Here we are as we start the hike in the rain. We were tempted to just skip the hike and go have some pints because of the rain. The group from left to right is Jeff, Golomb, Megan, me, and Tara.
It started off easy enough, wandering through some sheep fields. The rain even quit a few minutes into our walk.
Here’s a pretty cool picture. You can see how big the hills are all around us.
A mile or two in, we found Jacobs Ladder, which ended up being a really steep zig zagging incline that brings you most of the way to the top of the 2000 foot elevation change. Here we are at the beginning.
At the end up Jacobs Ladder, we were all sweating and huffing and puffing. And that is even more interesting because the temperature was a lot colder once we got to the top. At one point it was snowing. At another point, it was HAILING. Here’s us looking down once we got most of the way up. You can’t really see Jacob’s Ladder, but it’s back along the trail somewhere past those really tiny people in the distance.
Here are me and Golomb triumphantly standing on top of a huge rock.
After all that standing on top of rocks, we needed a break. Good thing we brought apples.
There was a decent amount of thinking required to keep us on track. We had a route planned out, but there were numerous splits in the trail and sometimes the trail would seem to disappear altogether. But with my trusty compass and map, I was able to keep us on track. Here, you can see that me and Jeff are in complete agreement on which way to go.
As promised, here is the snow we encountered on the way to to the top. That’s how you could tell we were going the right way.
When we started seeing the snow, we could tell we were at the top. It was pretty amazing up there. There were lots of cool rock formations, tons of peat, and you could see a really long way. Here are some fancy looking rocks that inspired some artist to make art that resembled these rocks.
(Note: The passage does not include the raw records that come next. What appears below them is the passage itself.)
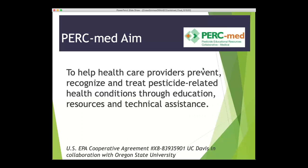Now I'll pass it over to Diana Sims to talk about PERC-Med. As Amy introduced NPIC, I am the medical education director for PERC-Med, and our aim is to help healthcare providers prevent, recognize, and treat pesticide-related illnesses and injuries through the provision of resources, technical assistance, and training. We want to point healthcare providers to resources specific to the patient populations they serve and develop collaborations to continue CME, continuing nursing education, and clinical education on this important topic — one small aspect of which we're covering today about disinfectants.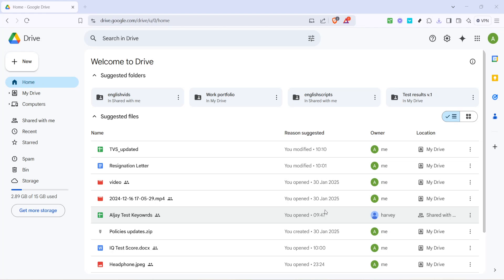In today's video, I'm going to teach you how to send an Excel file to Google Drive. This task, which might initially seem daunting, is actually quite straightforward. Whether you're aiming to securely back up your data, access it from multiple devices, or share it with others, uploading your Excel file to Google Drive is an effective solution. So let's dive into the process step by step.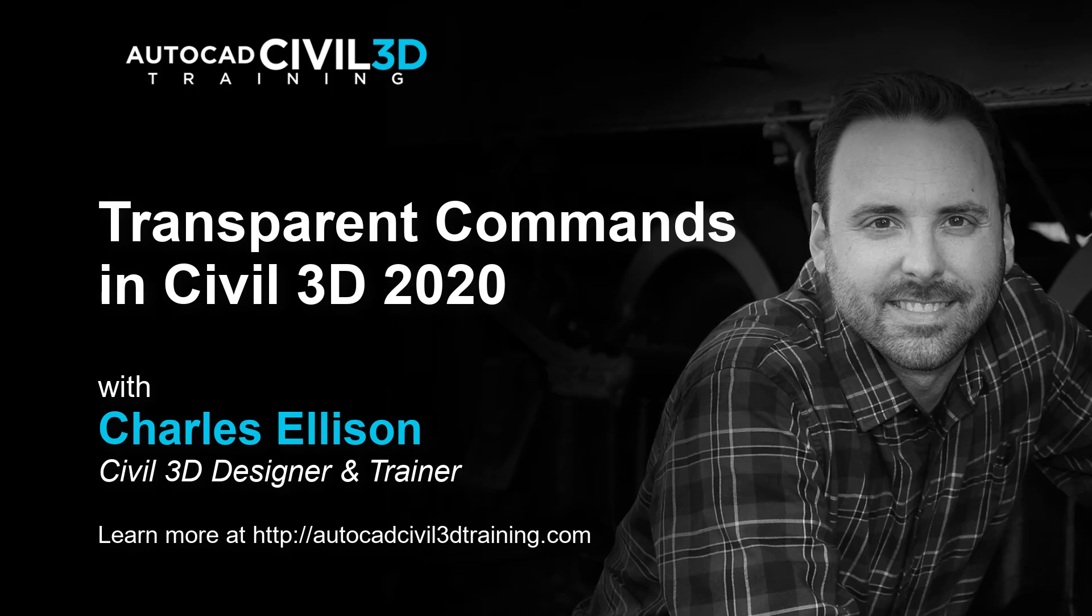Hi there, I'm Charles Ellison, Civil 3D Designer and Trainer at AutoCADCIVIL3DTraining.com. Now today, we'll be looking at transparent commands in Civil 3D 2020.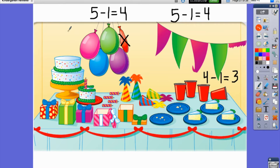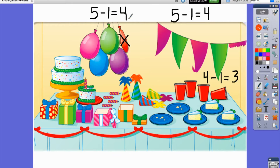Let's count together and make sure: one, two, three, four. We did not count the red balloon because it is gone. So five balloons minus one balloon means there are four balloons left.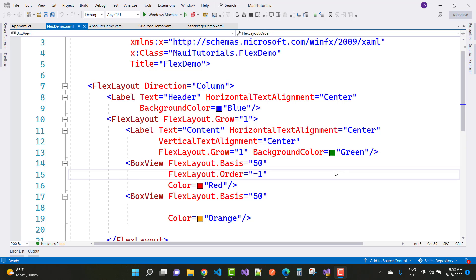Hey everyone, welcome to my channel ASP.NET Core. Today I am going to show you some MAUI controls — specifically some MAUI presentation controls which present data, present the layout of your mobile screen, and present your UI.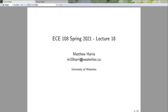Hello and welcome to another week of ECE 108. This week we have our midterm on Friday, so we're only going to have two lectures this week, so do keep that in mind. The lectures will be a little bit less dense than usual to account for the midterm.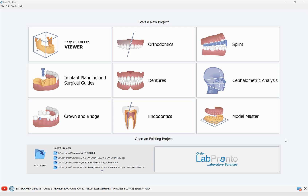Hi everyone, this is Michael from Blue Sky Bio. In today's tutorial video we will demonstrate a super simple process flow for crown-down implant planning. After we create the surgical guide, we will create the crown for a titanium base immediately afterwards. Everything is directly in the Blue Sky Plan version that you already have, and the generation, design, and export of the crown is completely free — it could then be milled or printed.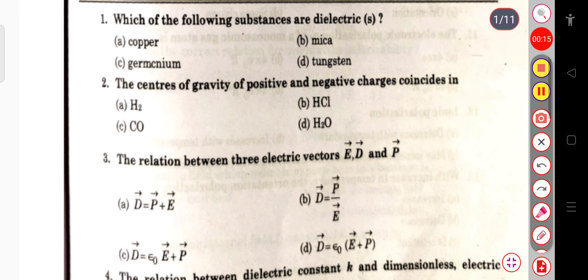Let us start with our first question: which of the following substances are dielectrics — copper, germanium, mica, or tungsten? The correct answer is mica, that is, it is a dielectric material.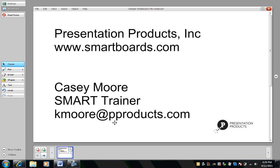Hi, my name is Casey Moore. I'm the SMART trainer at Presentation Products in New York City. Our website is www.smartboards.com and you can reach me by email at kmoore@pproducts.com.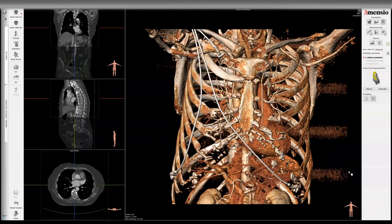Hello, today I'm going to show you the Femorencio TAVR workup in a patient who you might consider for alternative access. Today I'm going to show you the left subclavian access. The right subclavian evaluation will be similar to this one.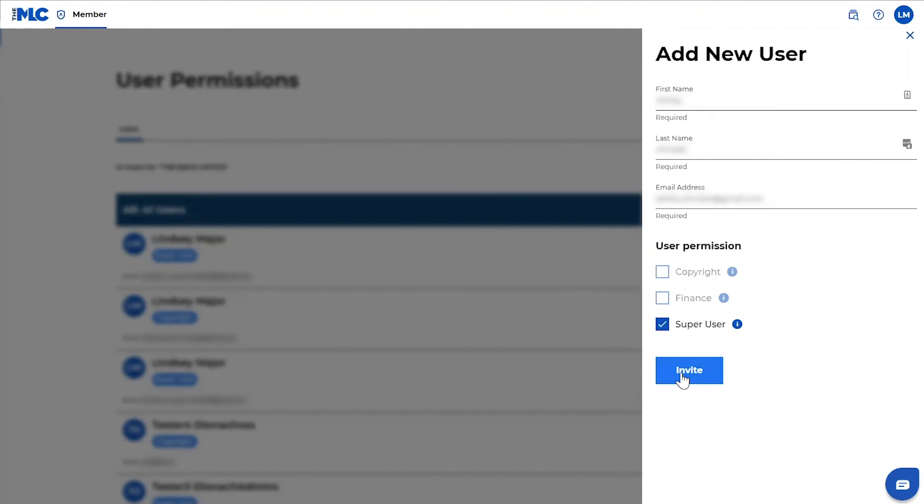So once you do that, you can hit invite and then you've got your new user added. They will receive an email that lets them know they've been added as a user and they'll be prompted to set up their password and log in.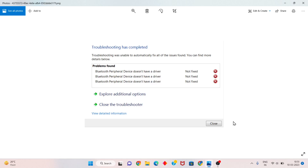Hi, hello guys, welcome to my channel. How to fix Bluetooth peripheral device does not have a driver — this is not fixed. This is the basic error. Step by step, follow the steps. First step: go to the search bar.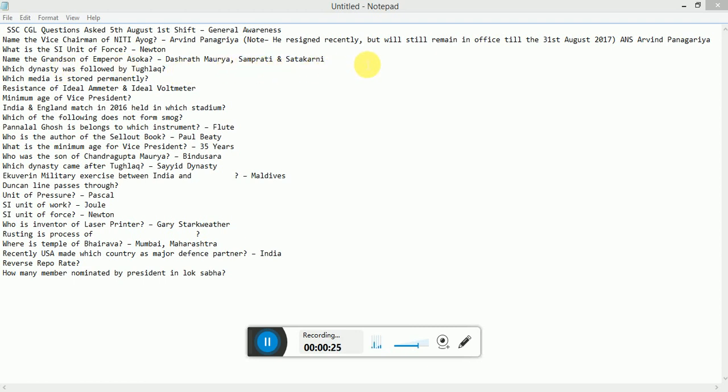Samrapati and Satakarni. Which dynasty was followed by Tughlaq? Which media is stored permanently? Resistance of aerial ammeter and aerial voltmeter.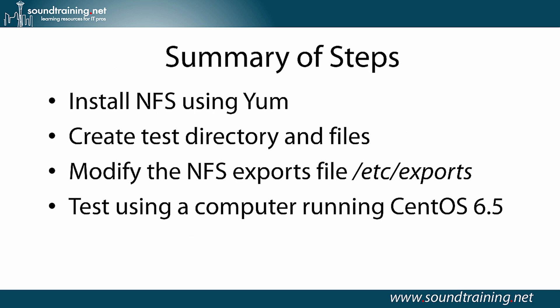Here's a summary of the steps that I'll show you. We'll install NFS using YUM, then we'll create a test directory and populate it with some files. We'll modify the NFS Exports file, /etc/exports, and then we'll test using another computer running CentOS version 6.5.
I am really bad at remembering potentially interesting pieces of information.
Here is Tara contemplating how to navigate her way through some grade ‘A’ peat.
And here is Golomb, staying as far away from the peat as possible. Gotta keep those sweatpants looking fly.
At one point, we lost the trail and ended up on top of a rock formation. With the ground being really soft, we decided to jump down onto the mushy grass below.
Here are some more big rocks that we climbed up.
Shortly after this, it started getting really really cold and windy, so the picture taking slowed down. We buckled down and forged our way through the rest of the hike. At the very top, we snapped some quick pictures, but it was very miserable up there. Now we can say we made it to the 2nd highest peak in England.
On the way down, it got warmer really quickly. It was great. The sun even came out and me and Tara sat down for a minute to enjoy it.
Naturally, the first stop after we made it down the mountain was the pub we passed on the way up. I asked the bartender for the most refreshing beer on tap, and he said that none of the beers were refreshing. At least he was honest. I drank one regardless of the refreshment factor and it tasted great.
Sunday, we tried to show Golomb some more authentic English stuff while he was visiting. We offered to show him Nottingham or go to a museum or something like. He ended up choosing to go to an Indian buffet. To be fair, England does have really good Indian food, so we weren’t going to argue.